# Cleaning dirty ceiling



## oscarMadison (Dec 28, 2008)

I started to clean the ceiling in one room in preparation for painting. The paint on the ceiling is white, but it looks light brown or pale yellow right now. I took a clean mop and used hot water and dawn dishwashing liquid to try to clean the ceiling. It seems to help a little, but it also seems like I am just pushing the dirt around. It's better then when I started, but still dirty. 

Is there a good way to clean the ceiling and get the stuff off? I'm guessing some of it is from cigarette smoke (previous owner).


----------



## Leah Frances (Jan 13, 2008)

You are probably just pushing the dirt around.
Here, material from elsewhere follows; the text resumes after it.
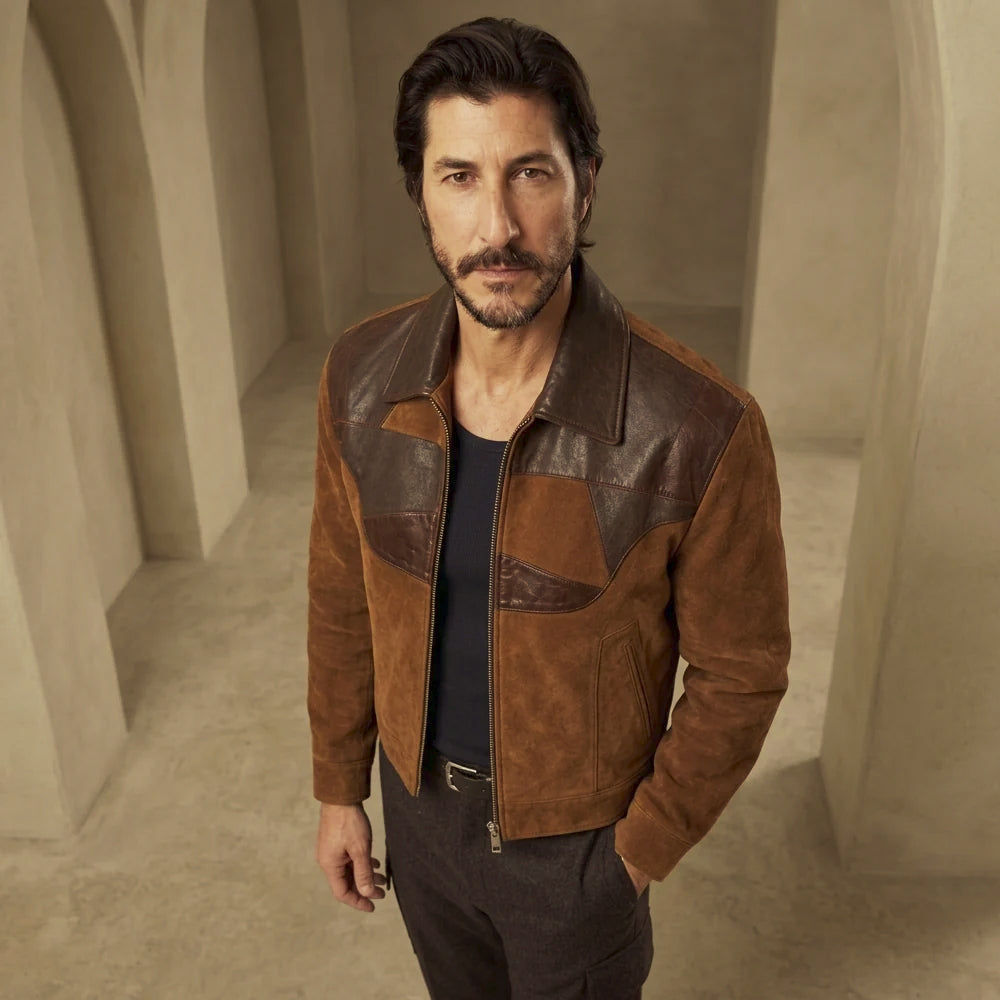 High-angle view of brown lambskin patchwork jacket highlighting the point collar, sculpted chocolate leather yoke and suede body.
You need a better product and technique.

See if you can get some TSP in your state. If not, go to big box store or paint store and get whatever 'Green' alternative. Get a pile of rags, ladder and two buckets. Mix the TSP in HOT water (see box for amounts) in one bucket - use this for 'Wash' (Rubber Gloves for sensitive skin). Fill the other bucket with just HOT water - use this for 'Rinse'. Use a damp (not sopping) washrag until it looks soiled then drop it in the rinse bucket. The TSP may remove poorly applied paint. But, since you're getting ready to paint again, no problem. Try a small area and see if it helps with the tobbaccy stains.
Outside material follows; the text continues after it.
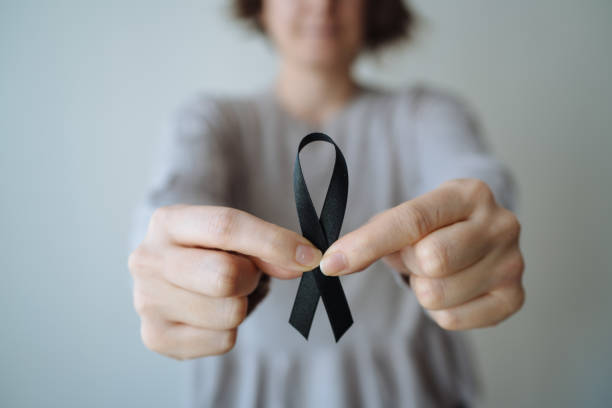 Black awareness ribbon stock photo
Rinse it thoroughly before cycling it back to your 'Wash' bucket. Change your rinse water as needed. 

I have 12 rags just for this sort of thing - that way I'm not spending all my time wringing the dirt out of them.


----------



## Matthewt1970 (Sep 16, 2008)

Smoke will basically set into the paint, especially flat paint and there isn't a whole lot you can do with it. Depending on how bad it is, you may just be able to paint over it and be done with it without any bleeding through. If it's bad, then latex primer will keep it at bay for a number of years. Bin will lock it in for eternity but it's nasty stuff to paint with.


----------



## oscarMadison (Dec 28, 2008)

Thanks. I was thinking their was a product I had heard of that was worth a try but couldn't remember the name. TSP is it.


----------



## Leah Frances (Jan 13, 2008)

Trisodium Phosphate - TSP. It's a non-sudsing detergent/degreaser - like soap without the bubbles. Check the label when you buy it. Many states only sell TSP substitutes (sodium carbonate (washing soda) or combinations thereof cause, well we probably shouldn't dump phosphates into the water supply). 

TSP can corrode and stain exposed metal, so use care when using it. It does not irritate my skin, but my sister gets a chemical burn from it. Don't rub it in your eyes, OK?
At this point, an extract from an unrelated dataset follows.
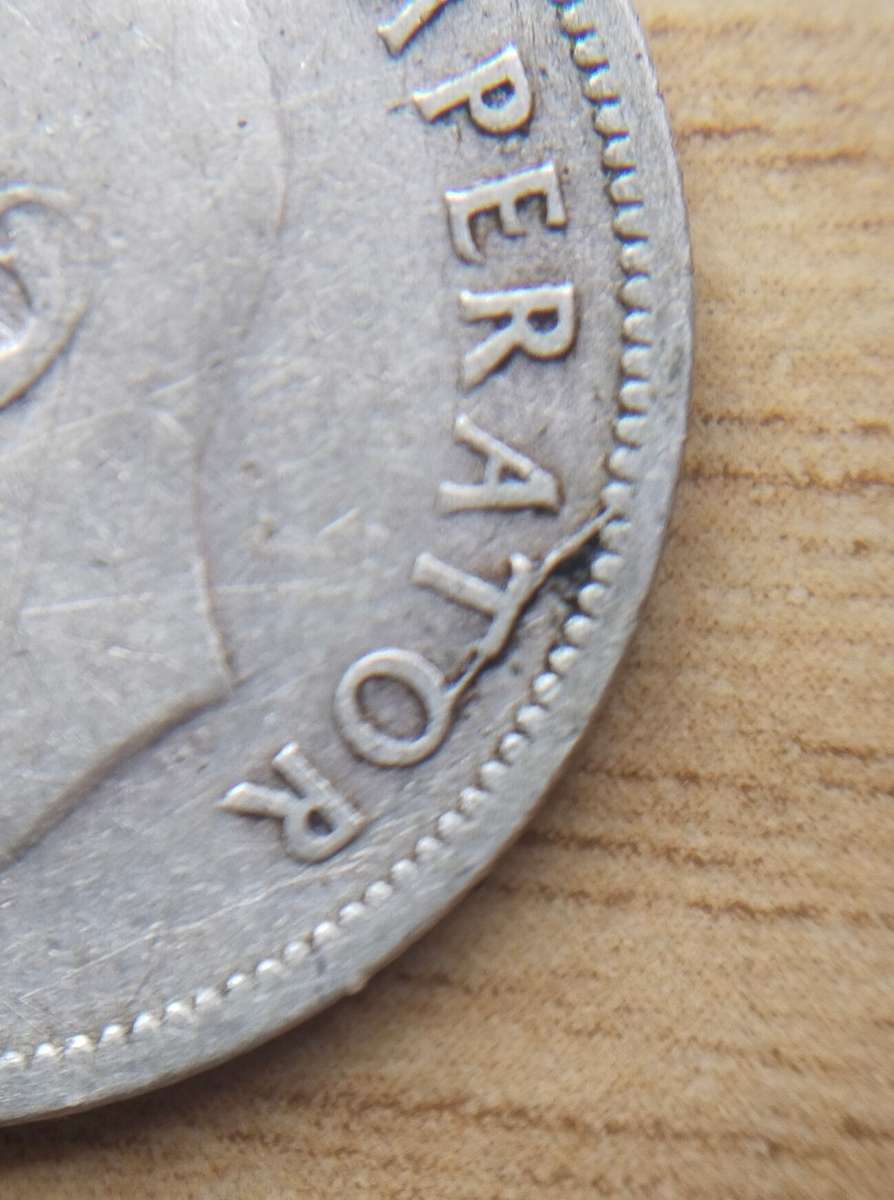 Error 1942 Silver South Africa Shilling.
Aside - some states are outlawing dishwasher detergent that contains phosphates too.


----------



## oscarMadison (Dec 28, 2008)

Thanks Leah, that did the job. :thumbsup:

It's probably psychological, but the room seems a little brighter with the ceilings being clean.


----------



## 4ThGeneration (May 3, 2009)

oscarMadison said:


> Thanks Leah, that did the job. :thumbsup:
> 
> It's probably psychological, but the room seems a little brighter with the ceilings being clean.



You should think about just priming and re-coating the ceiling. This way you can always touch it up if something gets on it that will not come off through cleaning.

If you want more of a psychological twist, paint the ceiling with a low lustre finish. It will make the room look bigger due to the light reflection of the shinier finish.


----------



## oscarMadison (Dec 28, 2008)

I've still got some patching to do on a wall in that room that will need to be primed. I can prime the ceiling when I do the wall. I'm going to be using BM paints on the various rooms and was planning on using BM Muresco on the ceilings.


----------



## 4ThGeneration (May 3, 2009)

oscarMadison said:


> I've still got some patching to do on a wall in that room that will need to be primed. I can prime the ceiling when I do the wall. I'm going to be using BM paints on the various rooms and was planning on using BM Muresco on the ceilings.


My family has used BM for over 50 years. My Grandpa was best friends from a old SW rep back since the 40's and when he decided to open his own franchise Papa switched over.


What kind of condition are the walls in now?
What types of walls are you going to be painting.
How long do you plan on living in the home.
Are you prone to change colors often?

This will give me a bit of a background to help you chose the correct products.


----------



## oscarMadison (Dec 28, 2008)

The walls seem in pretty good shape. Just going to be patching about 15 holes, about 3/8" diameter. Previous owner loved those expanding wall anchors. I was told the walls are plaster, from behind there aren't any slats, but where the trim was removed it doesn't look like dry wall joint compound. Currently they are painted with latex with the paint holding, but lots of drips. Plan to live in the house for a long time and to repaint only when necessary.


----------



## 4ThGeneration (May 3, 2009)

oscarMadison said:


> The walls seem in pretty good shape. Just going to be patching about 15 holes, about 3/8" diameter. Previous owner loved those expanding wall anchors. I was told the walls are plaster, from behind there aren't any slats, but where the trim was removed it doesn't look like dry wall joint compound. Currently they are painted with latex with the paint holding, but lots of drips. Plan to live in the house for a long time and to repaint only when necessary.



If you are going to live in it for a long time I would do it right.

You actually could add a venetian plaster to it for a cool texure or rent a hopper to add a texture. Its hard to answer without some pics because I am a stickler for proper prep. If you could get some photos to show me so I could get a better grasp. 

When you mentioned drips that brings nightmares to me of some houses where the homeowner explained there were drips only to come evaluate her home and find out the walls looked more like bark from a tree than the smooth appearance it was meant to have. I asked her about the texture and when she asked "What Texture" I about fell over. She thought that was normal which shows that you should always consult a pro even if you plan on doing the work yourself.

Get those pics to me if you can.


----------



## oscarMadison (Dec 28, 2008)

By lots I don't mean so many you walk in and spot them immediately. Just enough to bother me. Course I'm fixing stuff before I move in so I'm being picky.


----------